Items from a dataset:
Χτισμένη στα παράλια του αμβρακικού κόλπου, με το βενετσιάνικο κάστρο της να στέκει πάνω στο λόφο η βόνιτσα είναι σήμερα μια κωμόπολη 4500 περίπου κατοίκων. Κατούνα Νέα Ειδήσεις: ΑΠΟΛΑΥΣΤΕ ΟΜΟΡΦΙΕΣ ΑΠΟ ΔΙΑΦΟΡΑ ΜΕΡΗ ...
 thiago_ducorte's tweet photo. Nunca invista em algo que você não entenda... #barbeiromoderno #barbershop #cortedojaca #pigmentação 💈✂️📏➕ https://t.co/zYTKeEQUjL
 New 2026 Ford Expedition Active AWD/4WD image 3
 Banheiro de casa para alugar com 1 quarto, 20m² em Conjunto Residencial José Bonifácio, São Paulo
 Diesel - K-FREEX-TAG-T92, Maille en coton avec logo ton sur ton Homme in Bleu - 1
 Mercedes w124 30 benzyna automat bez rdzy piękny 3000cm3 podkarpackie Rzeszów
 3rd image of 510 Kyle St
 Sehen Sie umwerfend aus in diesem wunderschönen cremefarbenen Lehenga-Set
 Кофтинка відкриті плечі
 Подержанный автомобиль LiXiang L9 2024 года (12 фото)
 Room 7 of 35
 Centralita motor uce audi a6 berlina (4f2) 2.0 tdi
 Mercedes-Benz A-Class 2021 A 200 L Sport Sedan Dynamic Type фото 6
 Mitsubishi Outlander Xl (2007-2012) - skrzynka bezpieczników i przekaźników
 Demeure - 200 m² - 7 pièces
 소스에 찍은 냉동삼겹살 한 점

Instructions for the task
Look through the data above and return exactly the lines from the one that contains "Sehen Sie umwerfend" to the one that contains "Mitsubishi Outlander Xl", inclusive, with nothing else.

Response below
 Sehen Sie umwerfend aus in diesem wunderschönen cremefarbenen Lehenga-Set
 Кофтинка відкриті плечі
 Подержанный автомобиль LiXiang L9 2024 года (12 фото)
 Room 7 of 35
 Centralita motor uce audi a6 berlina (4f2) 2.0 tdi
 Mercedes-Benz A-Class 2021 A 200 L Sport Sedan Dynamic Type фото 6
 Mitsubishi Outlander Xl (2007-2012) - skrzynka bezpieczników i przekaźników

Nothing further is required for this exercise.